Momen lebaran merupakan salah satu kenangan yang membekas di otak saya. Pada saat lebaran, sebagian besar teman-teman satu subunit pulang ke kampung halaman. Hanya saya dan mbak Alfonsa yang tinggal di pondokan. Saat itu, keluarga besar bapak dan ibu pondokan banyak yang datang. Kami pun menyambut mereka layaknya keluarga sendiri. Saat Hari Raya Idul Fitri, kami ikut ibu mengunjungi para tetangga dan saudara-saudara. Seperti suasana lebaran biasanya, setiap rumah menyajikan kue-kue kering dan masakan-masakan lezat.

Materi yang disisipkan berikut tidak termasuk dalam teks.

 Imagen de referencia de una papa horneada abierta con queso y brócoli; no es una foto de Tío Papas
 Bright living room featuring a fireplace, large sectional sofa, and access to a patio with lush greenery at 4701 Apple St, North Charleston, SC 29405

Seluruh Warga Tumbu sudah kami anggap sebagai keluarga sendiri. Mereka ikut berperan dalam setiap kelancaran program yang kami laksanakan. Kami akan selalu ingat, bagaimana anak-anak kecil berlarian memanggil ketika kami melewati jalan-jalan dusun. Kami akan selalu ingat, bagaimana orang tua mengajak kami bercengkrama dengan Bahasa Jawa Krama yang kadang kami tidak paham artinya. Kami akan selalu ingat, saat bermain bersama pemuda pemudi. Sekadar menonton pertandingan sepak bola atau bahkan nimbrung bermain bola saat sore di depan pondokan. Kami akan selalu ingat, antusiasme anak-anak sekolah dasar saat kami mengajar mereka.
Mungkin kami tidak dapat memberi banyak hal, tetapi kami berharap apapun yang telah kami berikan dapat berguna bagi mereka, warga Desa Pulosari yang kami cintai.